Twilight of the Gods - The Ultimate Wagner Ring Collection
The DG album's title will immediately be recognized as commercial hype of the most cynical kind. At first glance, it is hard to work out who this 'Ultimate Wagner Collection' is for, but it soon becomes apparent when you read Mike Ashman's booklet note, 'The Ring in Late Mythologies', which attempts to persuade its purchasers that the Ring is relevant because it is a forerunner of the Star Wars saga and the film version of Tolkien's The Lord of the Rings'—for which read: 'Perhaps you saw the Met's Ring in the movie theatre.
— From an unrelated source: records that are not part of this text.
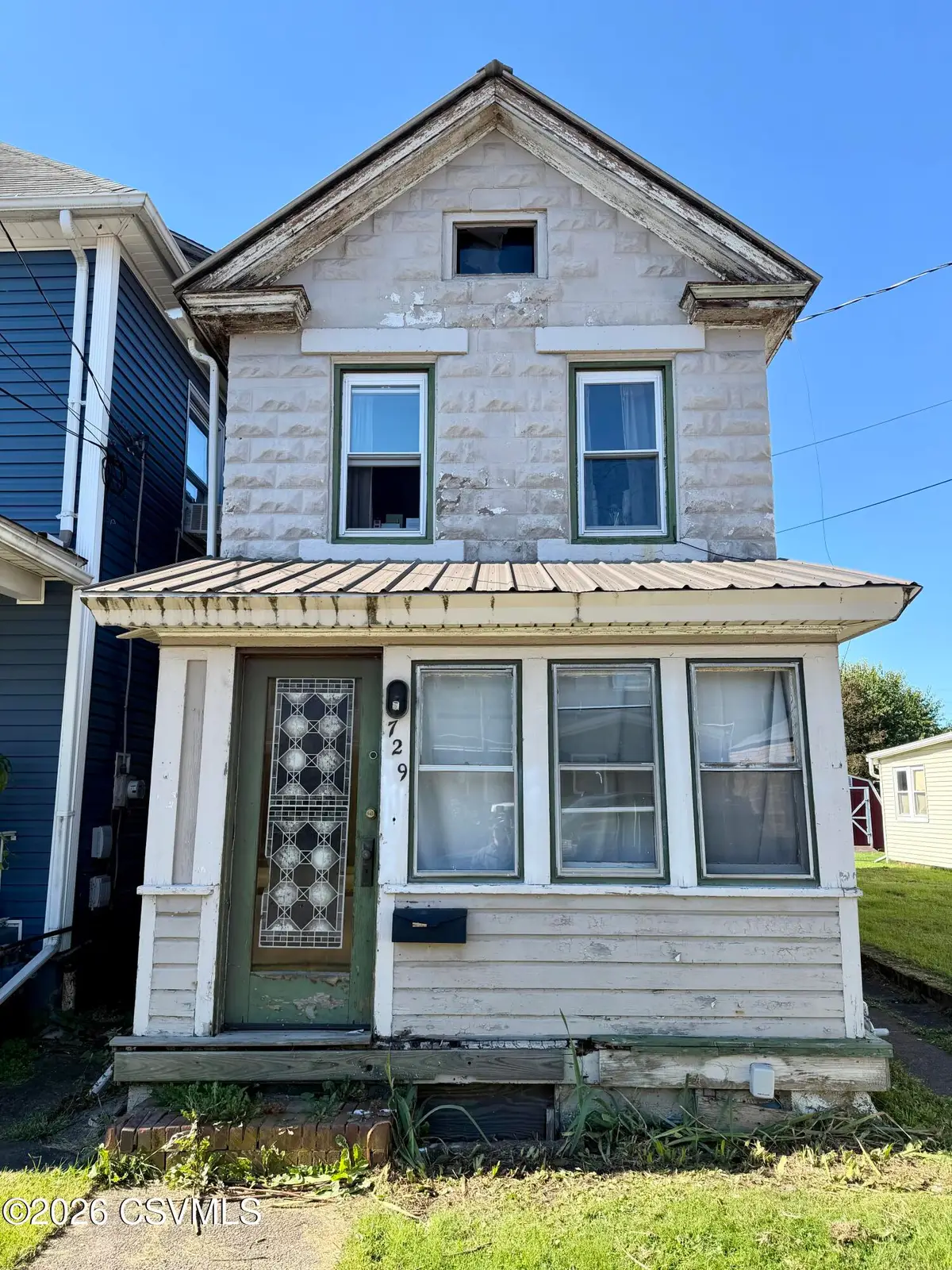 729 Lasalle Street, Berwick, PA 18603 - #1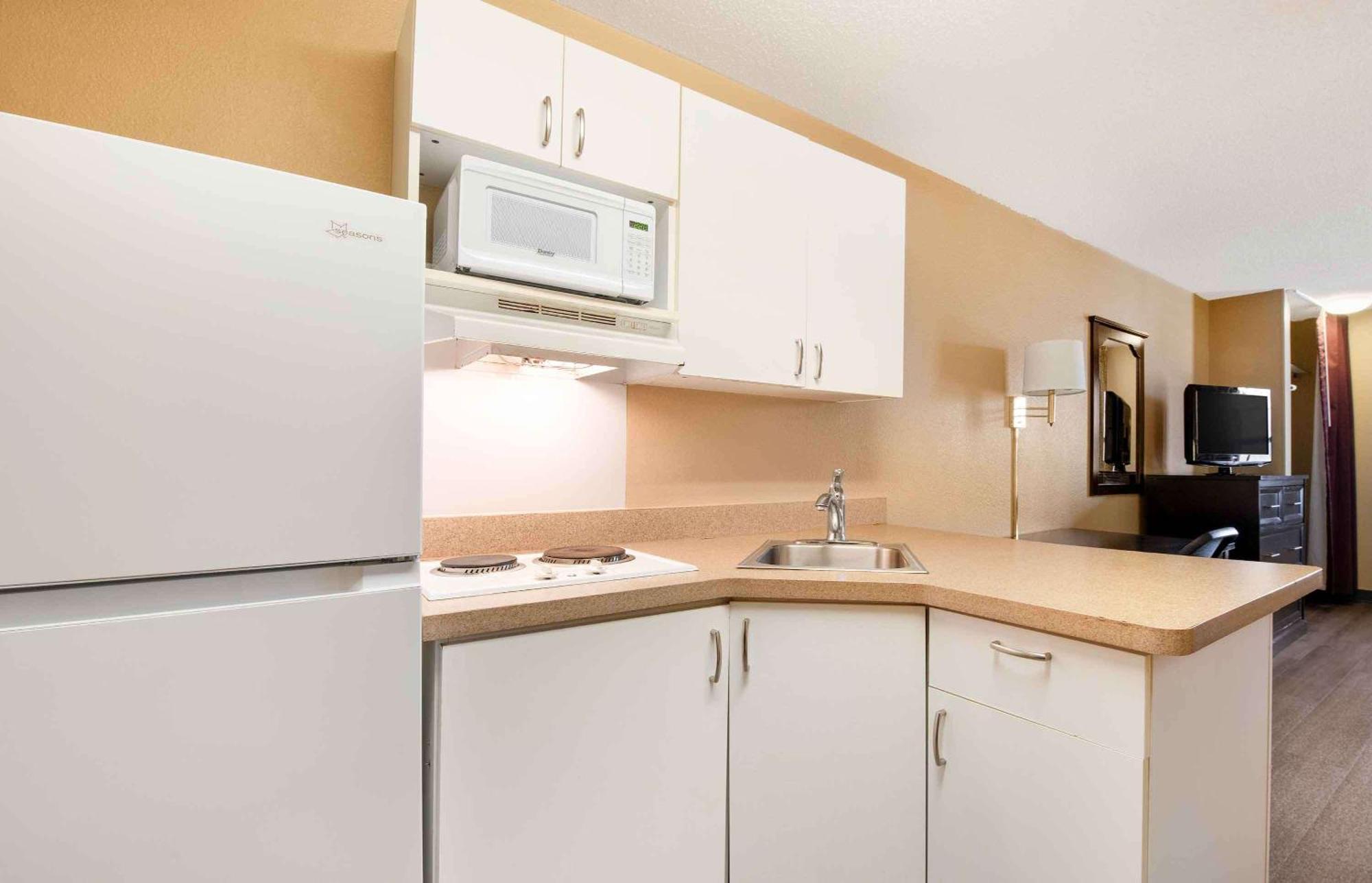 Extended Stay America Suites - Minneapolis - Maple Grove Eksteriør billede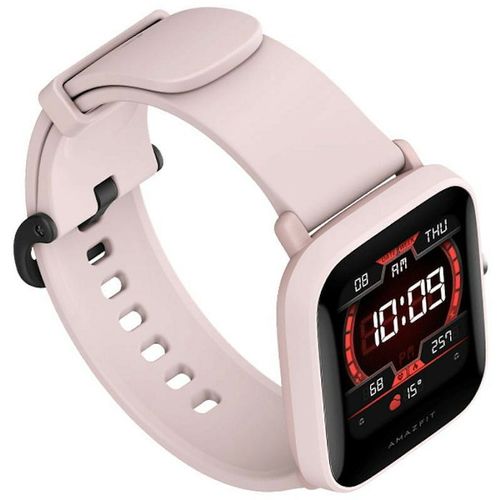 Amazfit pametni sat Bip U Pro, Pink slika 2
Now buy the potted souvenir version on CD.' It is surprising to find Ashman, one of the more readable and most knowledgeable British writers on Wagner, making tenuous comparisons between Siegmund and Sieglinde and Luke Skywalker and Princess Leia, and between Mime and Yoda.
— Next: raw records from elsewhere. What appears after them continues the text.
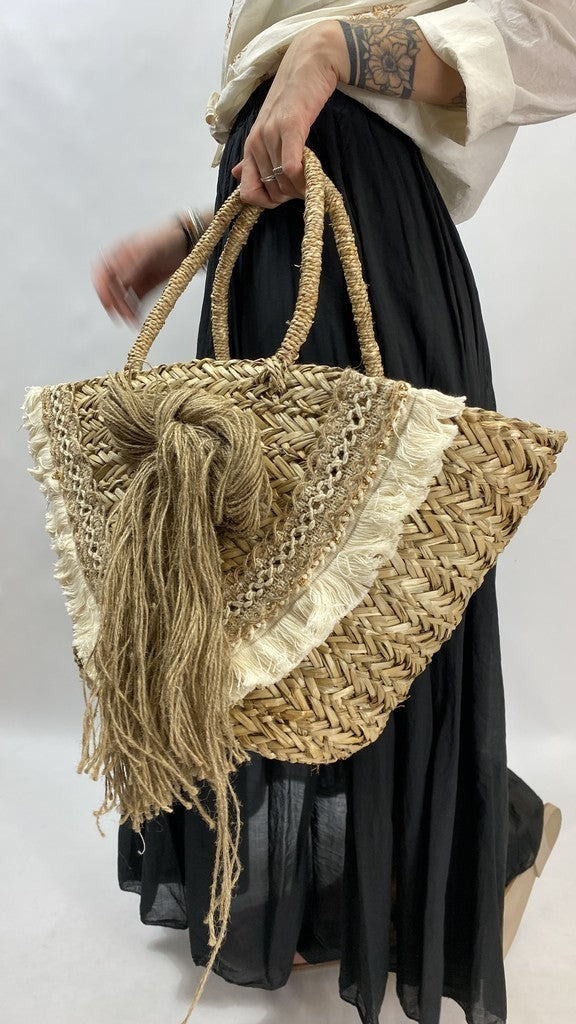 {{ product_title }} - Moda donna online | Tantarobashop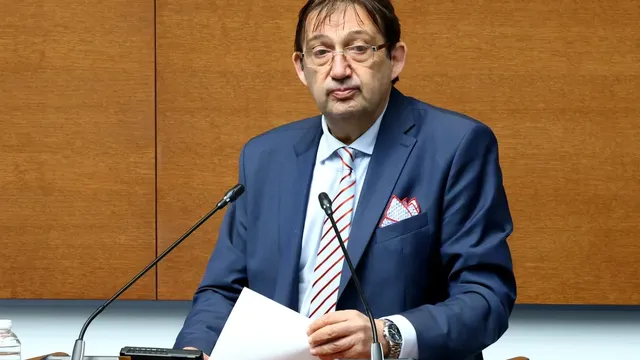 Иван Шишков заподозря схема около затварянето на участък от АМ "Струма"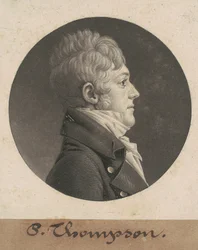 P. Thompson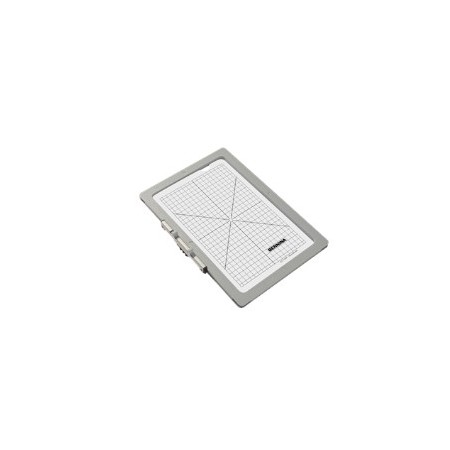 Cadre de broderie moyen magnétique Bernina 165 x 265 mm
The DG selection begins with Levine unfolding his plush orchestral underlay to support some wonderful singers in Rheingold and Walküre. Eric Owens's trenchant bass Alberich is a bit too nasal for my liking, and his German vowels sound odd, but he is a vivid presence cavorting with a euphonious trio of Rhinemaidens, and powerful in his Curse. Patricia Bardon delivers a lyrical Erda's Warning with sensuously beautiful tone, devoid of contralto hootiness, and Bryn Terfel's majestic Wotan presides over an excellent family of Gods: Dwayne Croft, especially, makes a star turn of Donner's 'Heda, Heda, Hedo', but we hear far too little of his brother Richard Croft's guileful and sweet-toned Loge. The highlight from Die Walküre is Jonas Kaufmann's 'Winterstürme' and the succeeding exchanges with Eva-Maria Westbroek's impassioned Sieglinde. With Terfel, these are singers to compare with some of the finest on disc. Levine's Valkyries, too, are an impressive troupe.
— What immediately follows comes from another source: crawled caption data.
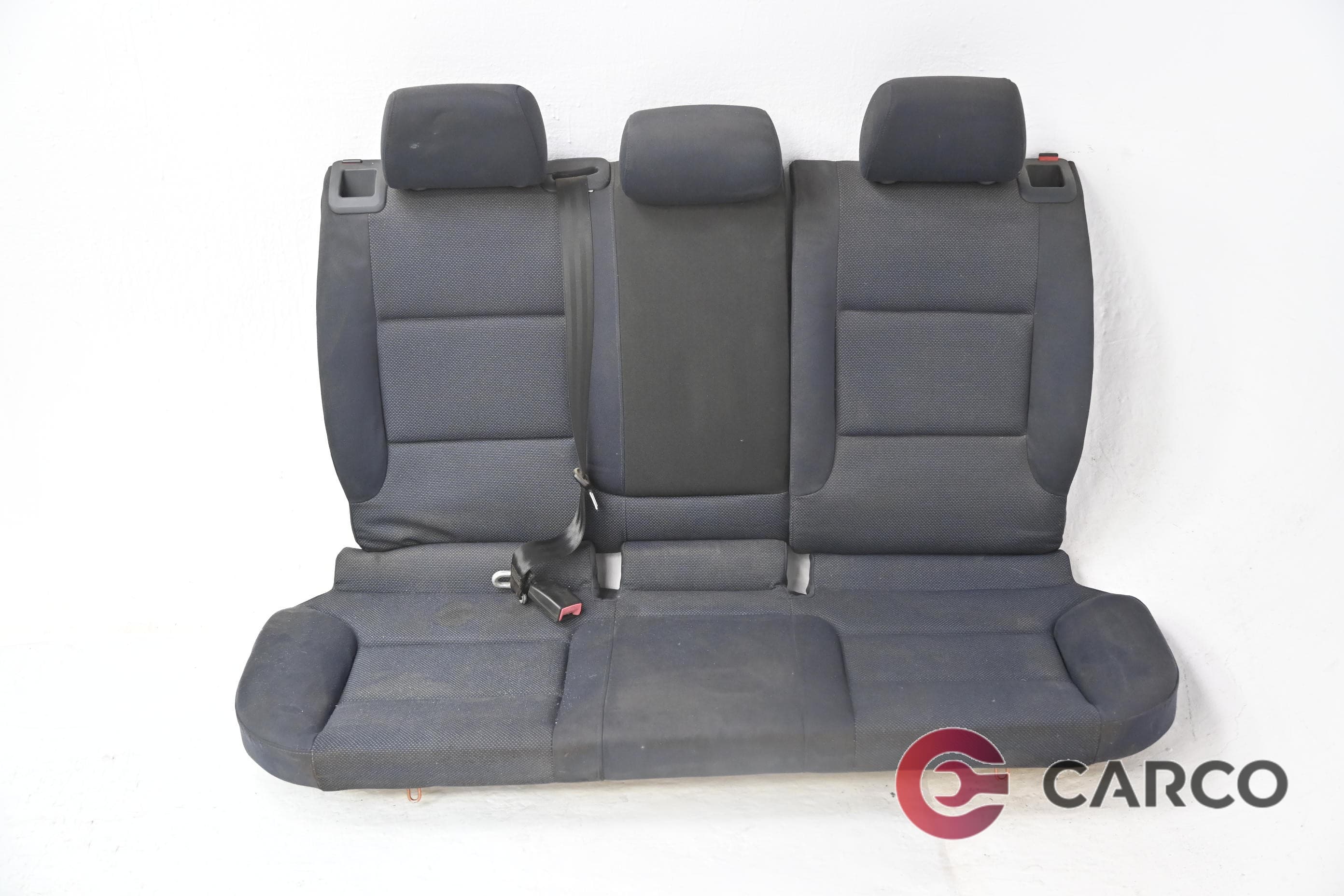 Седалки задни за AUDI A3 (8P1) 2.0 TDI 16V (2003 - 2012)
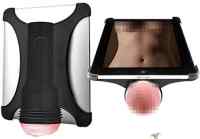 Fleshlight + iPad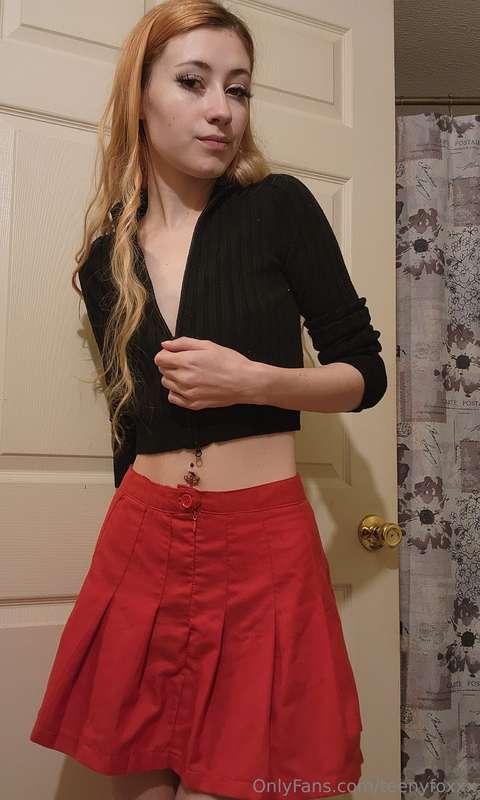 teenyfoxxx image #1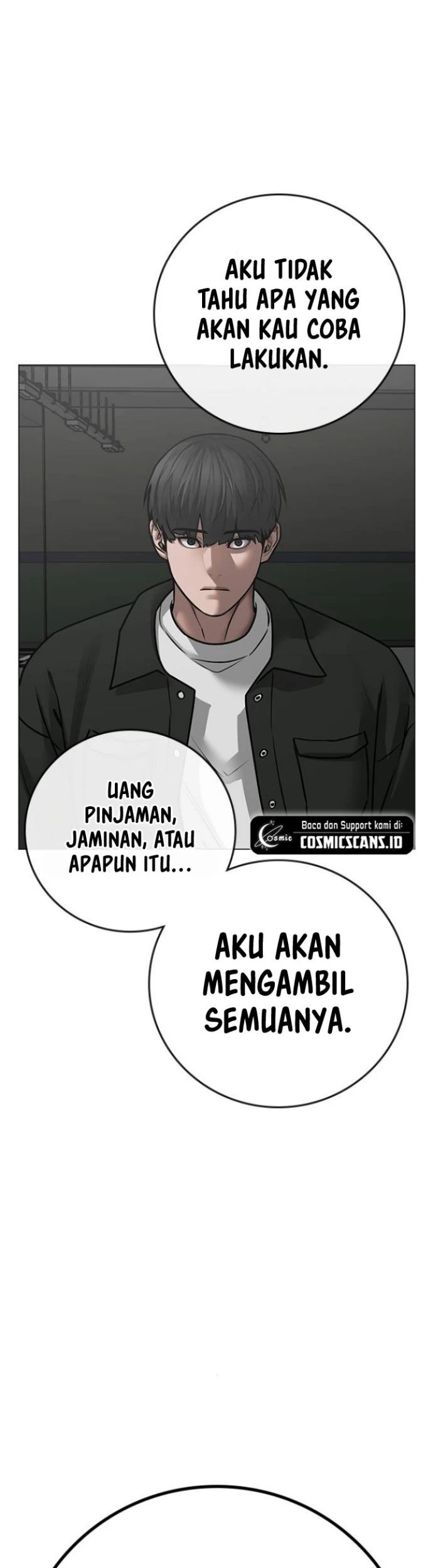 Reality Quest chapter 84 halaman 20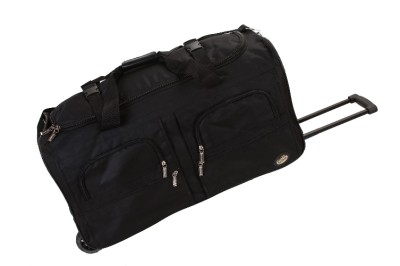 Heavy Duty Luggage on 30 Heavy Duty Rolling Duffel Bag Wheeled Duffle Travel Luggage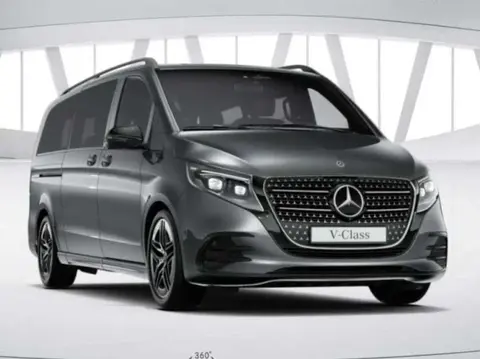 Annonce MERCEDES-BENZ CLASSE V Diesel 2024 d'occasion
The vocal standard plummets after Deborah Voigt's threadbare though reasonably accurate war-cry, and neither her later contributions, nor those of Jay Hunter Morris's Siegfried—who may not be Mime's son, but sounds very much like Gerhard Siegel's Nibelung — are really what one expects from a house of the Met's international stature. Morris was a late-ish replacement for Gary Lehmann, who replaced the originally announced Ben Heppner, and he gets through the role without accident, but Voigt's timbre sounds too light for Brünnhilde, and her once big and bright jugendlich-dramatisch soprano now sounds worn and effortful.